Our Schools Deserve Better: $297M vs $62M
On Tuesday this week, the House of Representatives passed House Bill 1367, a measure that among many things, attempts to help schools across the state by allowing them more flexibility in the use of state funds. As revenues have fallen sharply, schools, an area that makes up well over 50 percent of the state's budget, have had to bear some of the burden that's affecting every area of state government-specifically by cutting 4.5 percent (a total of $297 million statewide) from their operating budgets.
To alleviate the affects of the general fund cuts, members of the House majority party, Democrats authored HB 1367. The bill allows schools to transfer money from other funds to their general fund in order to cover budget shortfalls. The House majority claims their plan will give schools the ability to reallocate $418 million to address more pressing needs. However, under current law, schools can already reallocate $356 million-or 85 percent-of the funds on their own today without any new legislation. Of the remaining $62 million that requires new legislation to move, $4.6 million would be diverted from important educational reforms for which we've been fighting so hard. Specifically, the bill would remove funding ($1.217 million) for ACT/SAT/PSAT test preparation programs, eliminate the $2.5 million originally set aside from the School Scholarship Tax Credit Program and cut $876,000 from the Virtual Charter School Pilot Program. The remaining $57 million comes from new transfers within the capital project fund.
This bill not only removes important reforms that allow disadvantaged families to have a choice in where they send their child to school but it also eliminates critical college preparation tools. Is it worth all that to only give schools an extra $4.6 million, or approximately $4.61 a student?
During debate, it was suggested that passing this bill is the only thing the legislature could do to help out schools-that there were no other solutions. That simply is not true.
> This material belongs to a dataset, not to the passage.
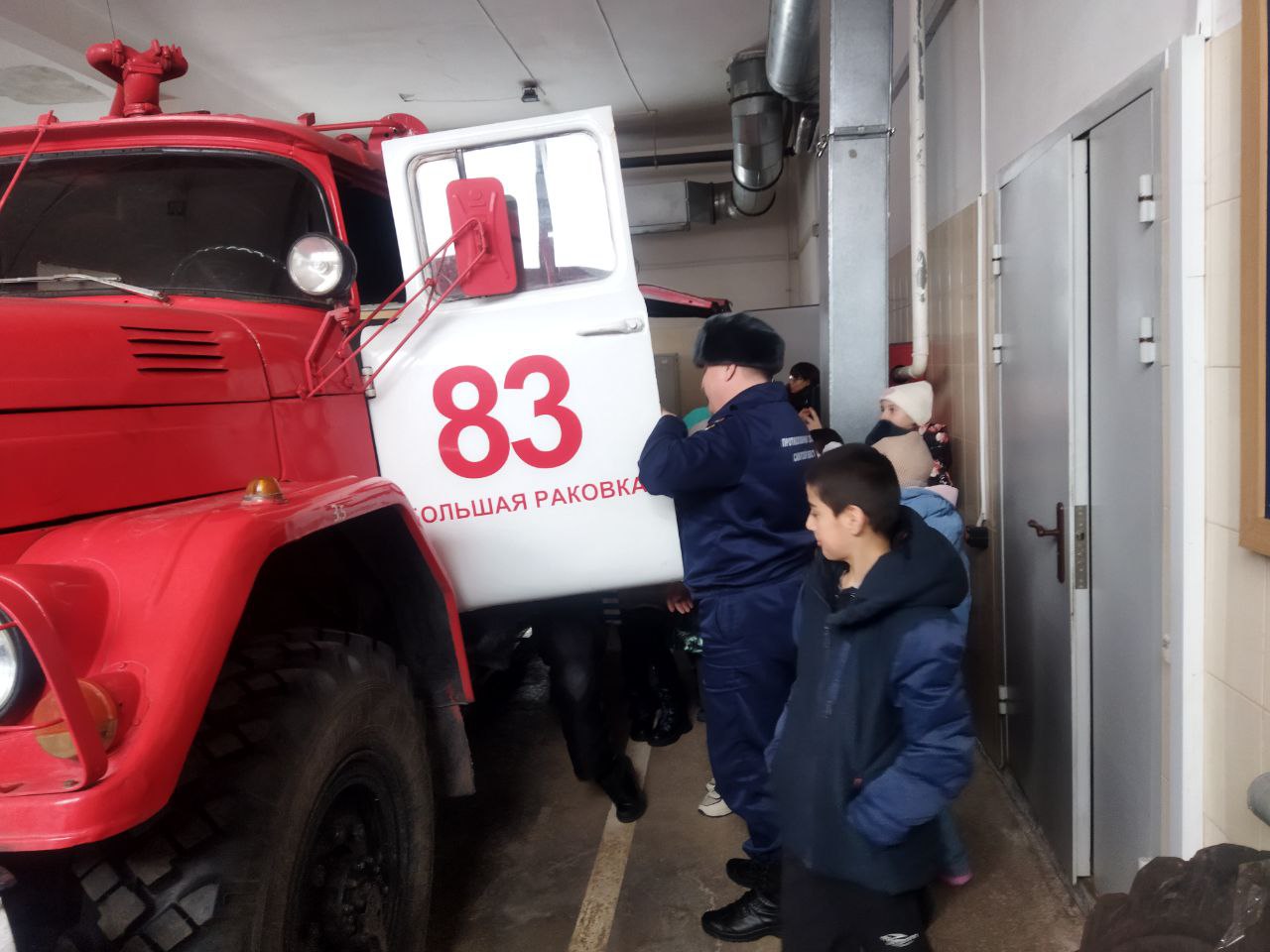 Школьники – частые гости у красноярских огнеборцев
When the bill came out of committee and before the House, Republicans presented a Minority Report-essentially an alternative plan-to help schools during this downturn. The minority report gave schools true flexibility in their efforts to use monies to cover shortfalls.
In fact, there are several funds that current law prohibits the use of to cover general fund expenses. Our plan would have opened up those funds for schools to use, provided it was spent in the classroom. It also stipulated that the amount used could not exceed the reduced funding amount.
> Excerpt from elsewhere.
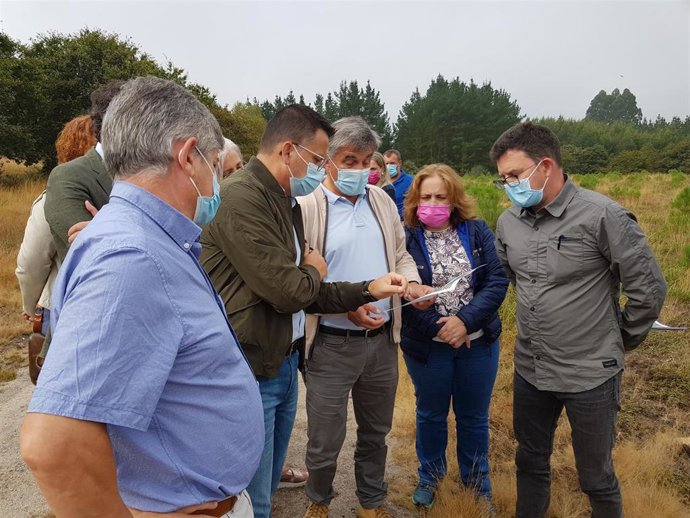 El conselleiro de Medio Rural, José González, en Guitiriz (Lugo) para informar de las ayudas a la plantación de coníferas y frondosas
The bottom line is this: The minority committee report for HB 1367 would have provided schools with a common-sense approach to offset operating funding reductions by giving them flexibility of the resources they already have, all without adding a penny to the property tax burden. The minority committee report would have given the schools true flexibility to remain whole, plus give them the option of using the $358 million in HB 1367.
This solution will require all stakeholders to participate in order to address this problem. This includes parents, teachers (union and non-union), administration and the state. The one constant is the kids. HB 1367 attacked and took advantage of the situation and didn't provide our schools with enough support.